Have a sup720-3B and cards without DFC (WS-X67xx).

Sup720-3B'PFC3 provides 30Mpps = 15Gbps

1.- Sup720 comes with a switching Matrix that provides 720Gbps but I will only be using 15Gbps because I depend of sup720 PFC3, right?

2.- For this 6500, how much switching throughput I will have for every card? Will be 15Gbps divided by the number of cards?

4 Replies 4

plumbis000
Level 1
Level 1

I think you are looking at the 6k architecture incorrectly.

The sup720 enables the Switching Fabric, which operates at 256Gbps, so you can have full-duplex backplane communication. The "720" comes from the fact there are 2 20Gbps connections to the fabric for each card, so 20 * 2 = 40 * 9 (9 slots on 6509) = 360 * 2 (full-duplex) = 720.

the 30Mpps is the number of packets the MSFC can process, so all cards with CFC daughter cards will send their packets to the supervisor for all FIB/TCAM lookups, in this case the MSFC can deal with a maximum of 30Mpps.
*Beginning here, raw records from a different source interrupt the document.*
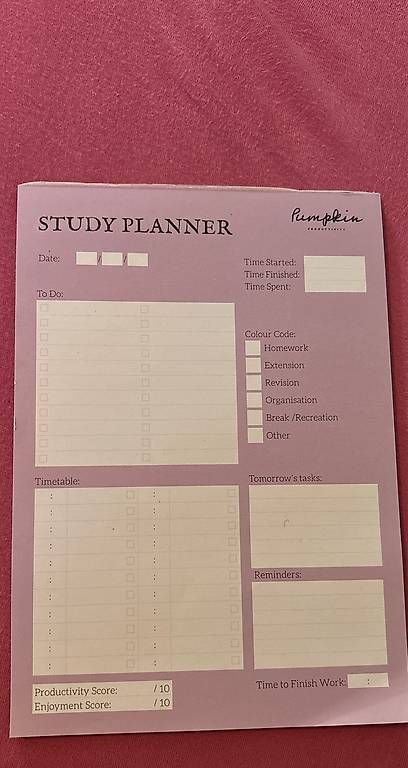 Schreibblöcke: Study Planner Block  – Gebraucht aus Luzern von nad_k6m7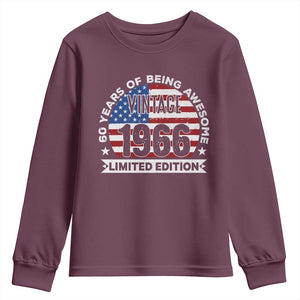 60th Birthday Youth Sweatshirt Vintage 1966 60 Year Old Birthday American Flag TS10 Maroon Print Your Wear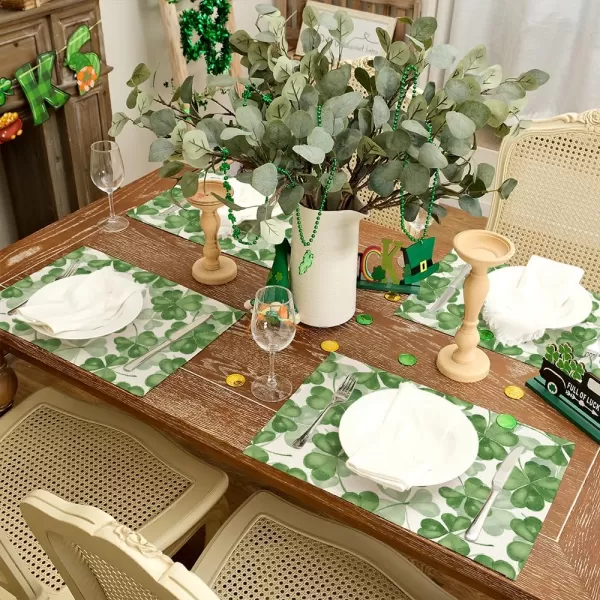 ARKENY St Patricks Day Placemats 12x18 Inches Set of 4 Green Shamrock Lucky Spring Seasonal Farmhouse Burlap Indoor Kitchen Dining Table Mats Decorations for Home Party AP5504Green Placemats Set of 4  12X18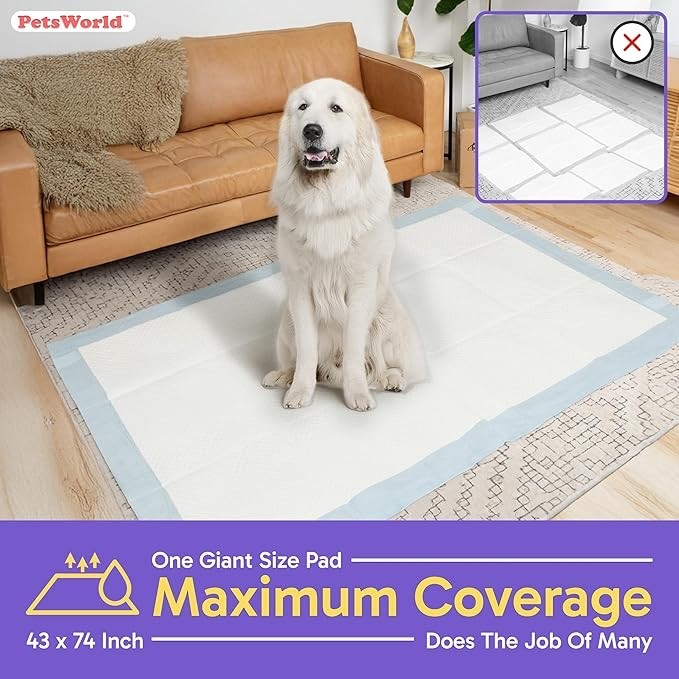 PETSWORLD Premium Extra Large Dog Pee Pads (43″ x 74″)Jumbo Puppy Training Pads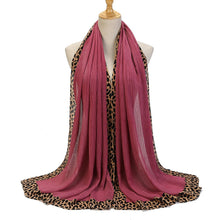 Load image into Gallery viewer, Solid Color Leopard-Print Embellished Crinkle Scarf Hijab (MH181)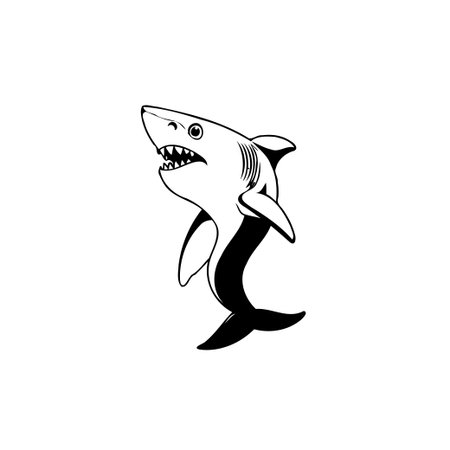 A bold black and white illustration of a shark with sharp teeth, perfect for aquatic themed designs and branding.のイラスト素材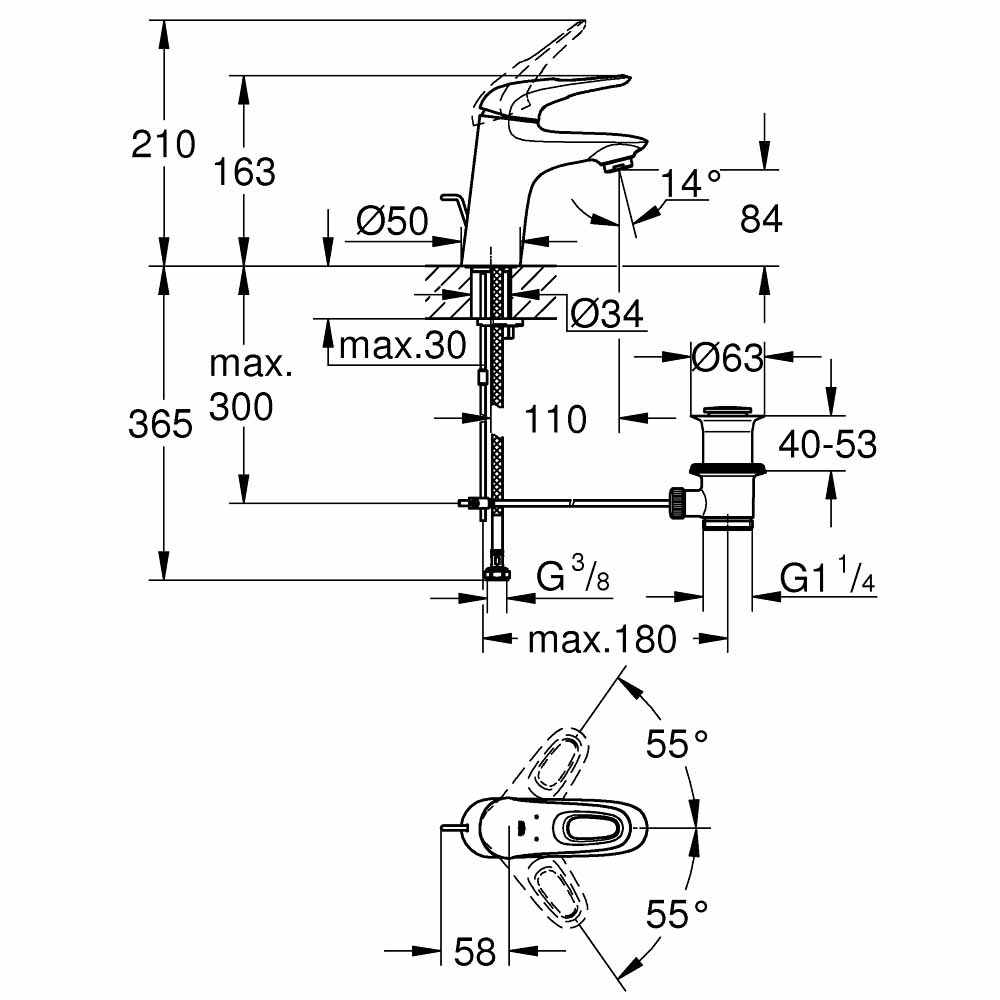 Vòi chậu nóng lạnh Eurostyle GROHE 33558003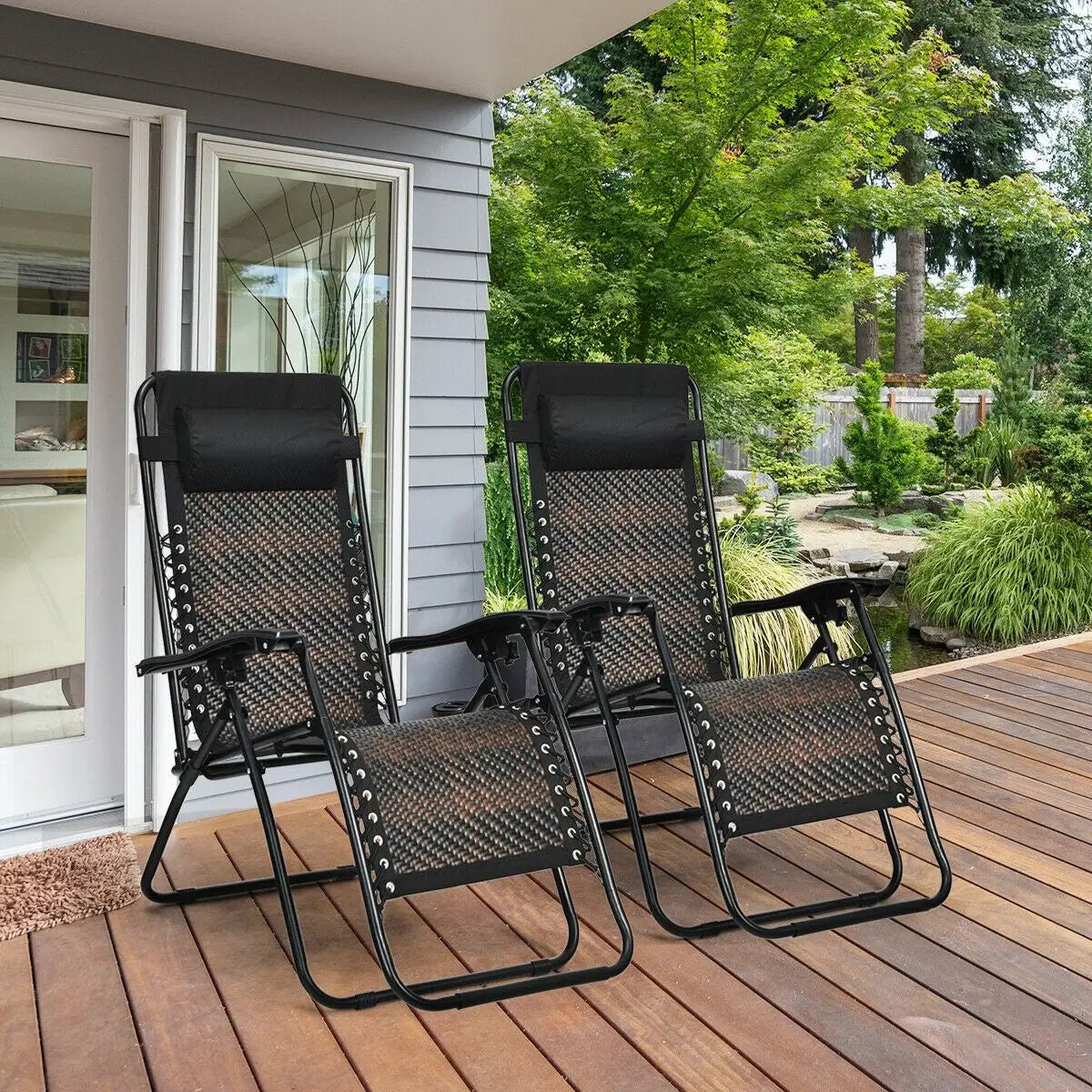 2 Pieces Folding Patio Rattan Zero Gravity Lounge Chair by DirectDeals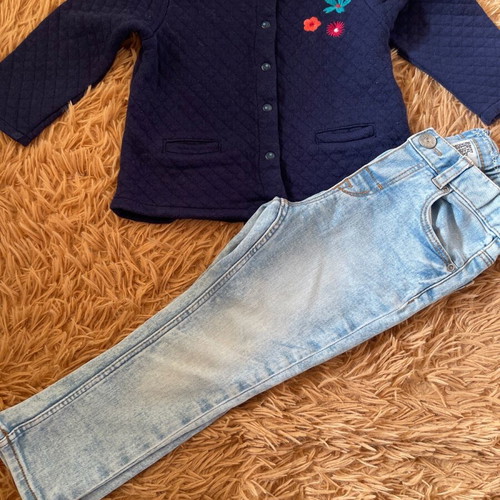 Girls' set 1.5-2 years 80-92 cm denim pants and blue quilted jacket used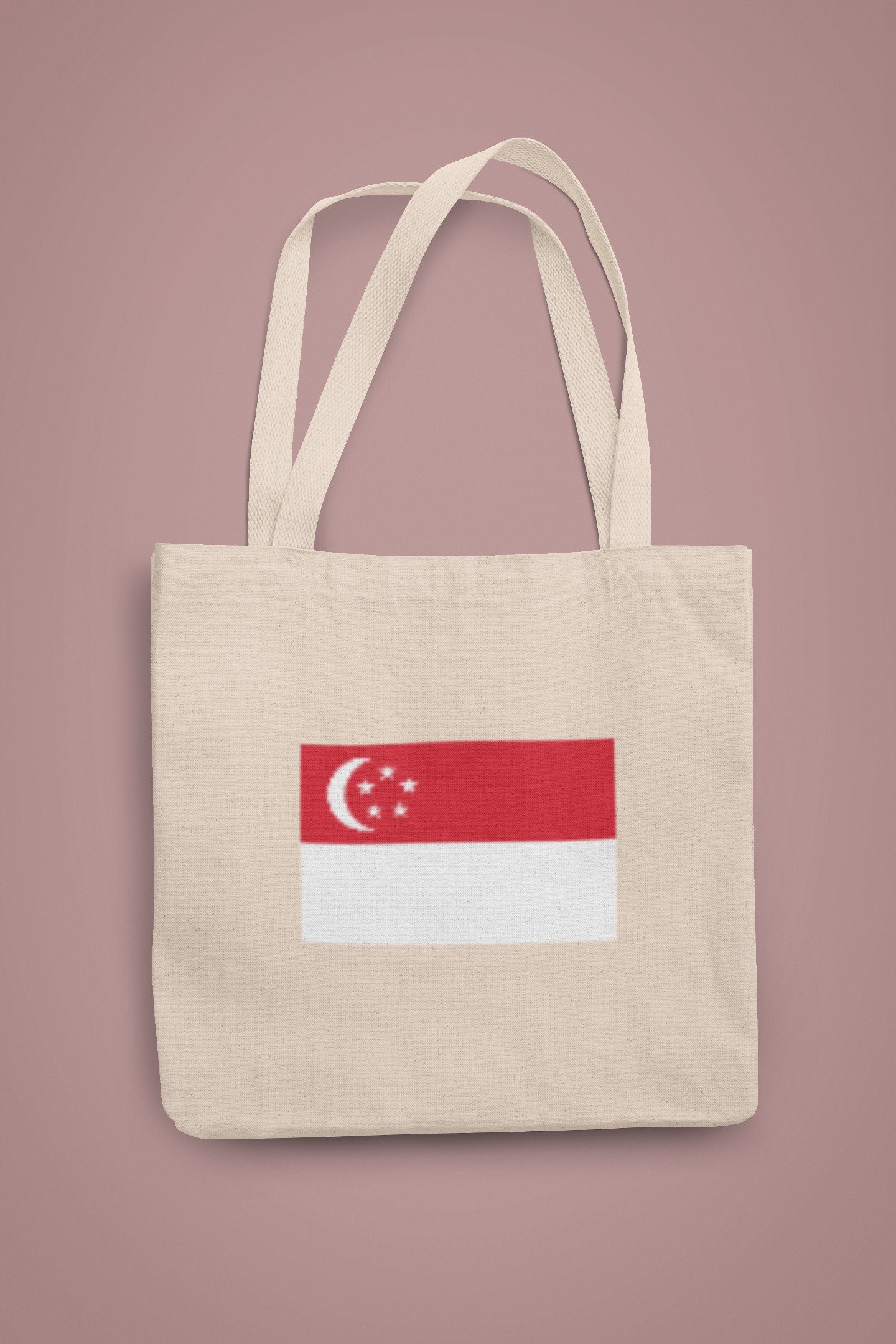 Singapore Flag Iron On Heat Transfer Vinyl HTV / Republic of Singapore / Majulah Singapura / Singaporean /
If you install DFC cards (that match the MSFC or better) the FIB and TCAM are downloaded locally to the line card so all forwarding decisions are made on the line card and only packets that are destined for the switch, require fragmentation, or have TTL expired are processed by the MSFC.

Also, since you have 67xx cards, they are fabric enabled so they can communicate with the Sup720 at 256gbps, full-duplex over the fabric (not the Bus).

Hope this makes sense.

Look at this white paper:

http://www.cisco.com/en/US/prod/collateral/switches/ps5718/ps708/prod_white_paper0900aecd80673385.html

30Mpps are PFC packet forwarding rate,the MSFC can process only 500Kpps.

If you don't have DFC on any Card, the PFC will teld to the Cards where the packert should be forwarded. But, for that to happend the packet must hit first the PFC and thare is where the botleneck comes.

Jon Marshall
Hall of Fame
Hall of Fame

Hi

1) Yes as far as i know you are right. The PFC supports up to 30Mpps centralised forwarding if you have all fabric-enabled cards. If you have classic cards in the chassis you only get approx 15Mpps on the PFC.

If you want to get any where near the potential throughput of the 6500 with a Sup720 then as you say you need DFC cards in your fabric enabled modules.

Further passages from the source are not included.